The images of the equations on this page were taken from the Wikipedia pages referenced for each equation.
In [16]:
from IPython.display import Image
In the following cell, use Markdown and LaTeX to typeset the equation for the probability density of the normal distribution $f(x, \mu, \sigma)$, which can be found here. Following the main equation, write a sentence that defines all of the variable in the equation.
$f(x,\mu,\sigma)=\frac{1}{\sigma\sqrt{2\pi}}e^\frac{-(x-\mu)^2}{2\sigma^2}$ $\mu$ is the mean $\sigma$ is the standard deviation
In the following cell, use Markdown and LaTeX to typeset the equation for the time-dependent Schrodinger equation for non-relativistic particles shown here (use the version that includes the Laplacian and potential energy). Following the main equation, write a sentence that defines all of the variable in the equation.
$\imath\hbar\frac{\partial}{\partial t}\Psi(r,t)=[\frac{-\hbar^2}{2\mu}\nabla^2+V(r,t)]\Psi(r,t)$ $\imath$ is the imaginary number $\Psi(r,t)$ is the wave function $\mu$ is the reduced mass of the particle $\nabla$ is the Laplacian operator $V(r,t)$ is the Potential Energy
In the following cell, use Markdown and LaTeX to typeset the equation for the Laplacian squared ($\Delta=\nabla^2$) acting on a scalar field $f(r,\theta,\phi)$ in spherical polar coordinates found here. Following the main equation, write a sentence that defines all of the variable in the equation.

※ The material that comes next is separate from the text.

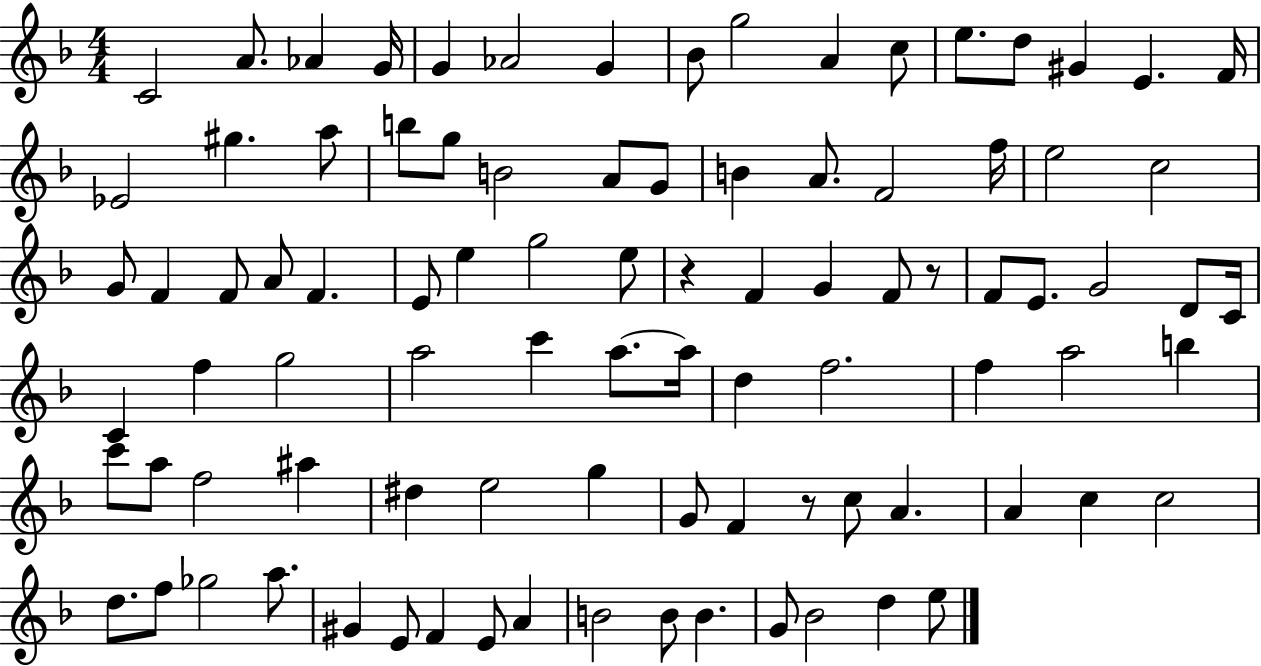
C4/h A4/e. Ab4/q G4/s G4/q Ab4/h G4/q Bb4/e G5/h A4/q C5/e E5/e. D5/e G#4/q E4/q. F4/s Eb4/h G#5/q. A5/e B5/e G5/e B4/h A4/e G4/e B4/q A4/e. F4/h F5/s E5/h C5/h G4/e F4/q F4/e A4/e F4/q. E4/e E5/q G5/h E5/e R/q F4/q G4/q F4/e R/e F4/e E4/e. G4/h D4/e C4/s C4/q F5/q G5/h A5/h C6/q A5/e. A5/s D5/q F5/h. F5/q A5/h B5/q C6/e A5/e F5/h A#5/q D#5/q E5/h G5/q G4/e F4/q R/e C5/e A4/q. A4/q C5/q C5/h D5/e. F5/e Gb5/h A5/e. G#4/q E4/e F4/q E4/e A4/q B4/h B4/e B4/q. G4/e Bb4/h D5/q E5/e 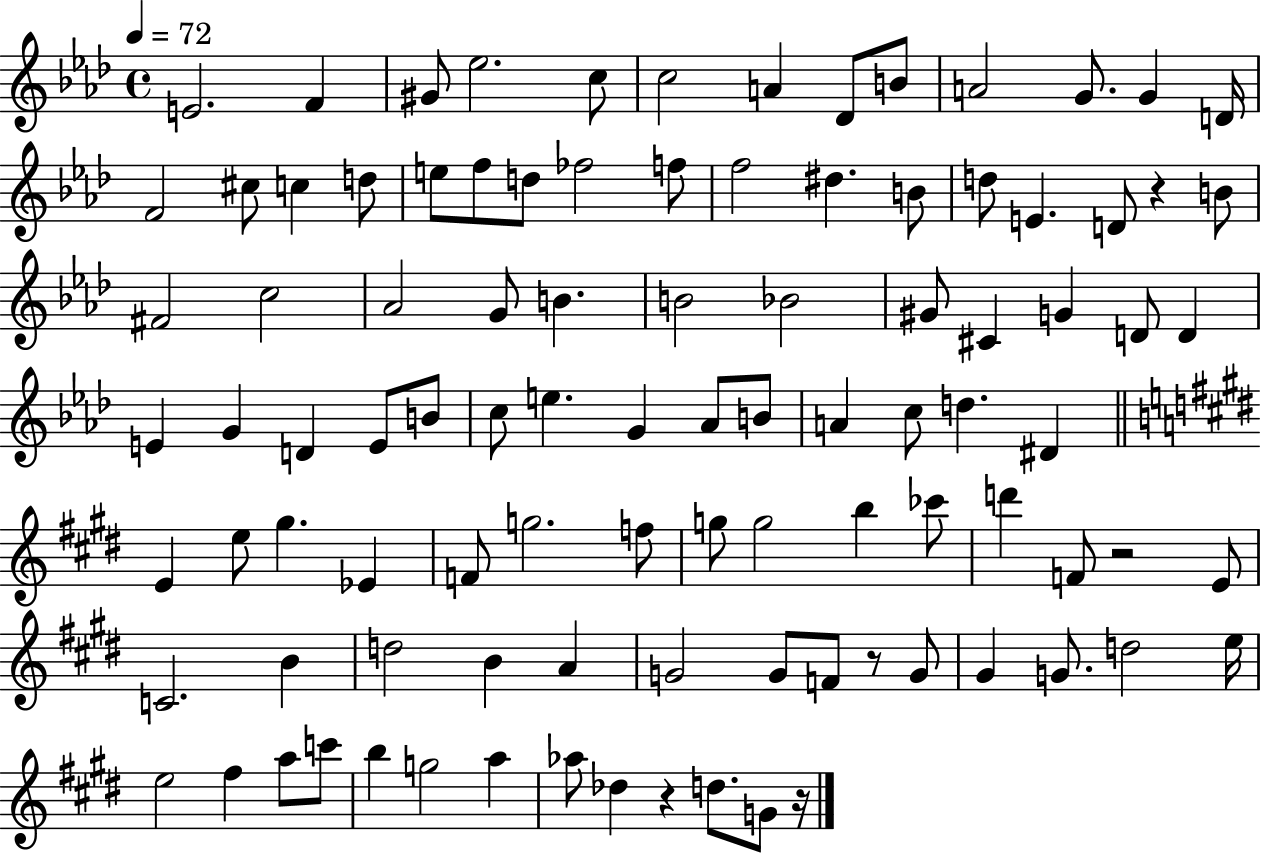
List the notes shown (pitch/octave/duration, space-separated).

E4/h. F4/q G#4/e Eb5/h. C5/e C5/h A4/q Db4/e B4/e A4/h G4/e. G4/q D4/s F4/h C#5/e C5/q D5/e E5/e F5/e D5/e FES5/h F5/e F5/h D#5/q. B4/e D5/e E4/q. D4/e R/q B4/e F#4/h C5/h Ab4/h G4/e B4/q. B4/h Bb4/h G#4/e C#4/q G4/q D4/e D4/q E4/q G4/q D4/q E4/e B4/e C5/e E5/q. G4/q Ab4/e B4/e A4/q C5/e D5/q. D#4/q E4/q E5/e G#5/q. Eb4/q F4/e G5/h. F5/e G5/e G5/h B5/q CES6/e D6/q F4/e R/h E4/e C4/h. B4/q D5/h B4/q A4/q G4/h G4/e F4/e R/e G4/e G#4/q G4/e. D5/h E5/s E5/h F#5/q A5/e C6/e B5/q G5/h A5/q Ab5/e Db5/q R/q D5/e. G4/e R/s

$\nabla f = \frac{1}{r^2}\frac{\partial}{\partial r}(r^2\frac{\partial f}{\partial r}) + \frac{1}{r^2\sin\theta} \frac{\partial}{\partial\theta}(\sin\theta\frac{\partial f}{\partial\theta})+\frac{1}{r^2\sin^2\theta} \frac{\partial^2 f}{\partial\psi^2}$
The variable r is the distannce from the origin and theta is the azimuth angle.